On the VIP Platform, WP-CLI commands run in a container that is separate from a site’s web application, but it shares the Memcached and database containers. It is very important to set protections in place to prevent custom WP-CLI commands from inadvertently affecting a site’s performance.

Avoid memory exhaustion

The WPCOM_VIP_CLI_Command class, included in VIP MU-plugins, provides helper functions for custom WP-CLI commands that need to run over large datasets. The helper functions can be used by extending this class.

If a large amount of data is being processed on a launched site, make sure to prepare the custom WP-CLI command for processing without exhausting memory and overloading the database by using these helper functions.

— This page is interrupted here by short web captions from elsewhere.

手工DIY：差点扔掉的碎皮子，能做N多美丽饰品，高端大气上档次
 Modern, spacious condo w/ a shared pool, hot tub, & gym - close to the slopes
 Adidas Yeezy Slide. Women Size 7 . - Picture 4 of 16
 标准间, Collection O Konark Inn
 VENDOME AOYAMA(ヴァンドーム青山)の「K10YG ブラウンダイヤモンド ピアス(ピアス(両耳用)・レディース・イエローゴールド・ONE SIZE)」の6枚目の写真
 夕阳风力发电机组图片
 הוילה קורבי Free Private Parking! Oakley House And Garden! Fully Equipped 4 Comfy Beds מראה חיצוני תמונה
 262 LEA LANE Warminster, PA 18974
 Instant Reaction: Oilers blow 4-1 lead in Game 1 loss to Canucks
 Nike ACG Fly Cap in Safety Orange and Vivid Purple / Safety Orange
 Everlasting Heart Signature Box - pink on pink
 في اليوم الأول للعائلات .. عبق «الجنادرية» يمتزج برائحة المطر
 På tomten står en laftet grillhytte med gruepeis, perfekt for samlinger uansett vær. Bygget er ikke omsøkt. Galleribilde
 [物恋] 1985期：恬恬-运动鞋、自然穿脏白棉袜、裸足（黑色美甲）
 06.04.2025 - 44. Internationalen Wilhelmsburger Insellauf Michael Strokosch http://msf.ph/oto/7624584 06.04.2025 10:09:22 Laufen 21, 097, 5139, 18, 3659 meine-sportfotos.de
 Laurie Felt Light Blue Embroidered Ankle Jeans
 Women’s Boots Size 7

  • WPCOM_VIP_CLI_Command::vip_inmemory_cleanup() resets the in-memory local WordPress object cache, from the global $wp_object_cache, without affecting Memcached, and resets the in-memory database query log.
    • Consider using this to clear memory after having processed 50-100 posts to avoid interruptions, especially when using get_posts() or WP_Query.
  • WPCOM_VIP_CLI_Command::start_bulk_operation() defers term counting, so that as individual updates are made to the dataset, expensive term counting is not being triggered each update.
    • This is important when the command is issuing many writes or changes to the database.
  • WPCOM_VIP_CLI_Command::end_bulk_operation() restores and triggers term counting. This should be used as a companion to start_bulk_operation() where the pair of functions bookends the command.
  • Use sleep() in between updating records or batches of records to help with loads associated with cache re-validation and data replication.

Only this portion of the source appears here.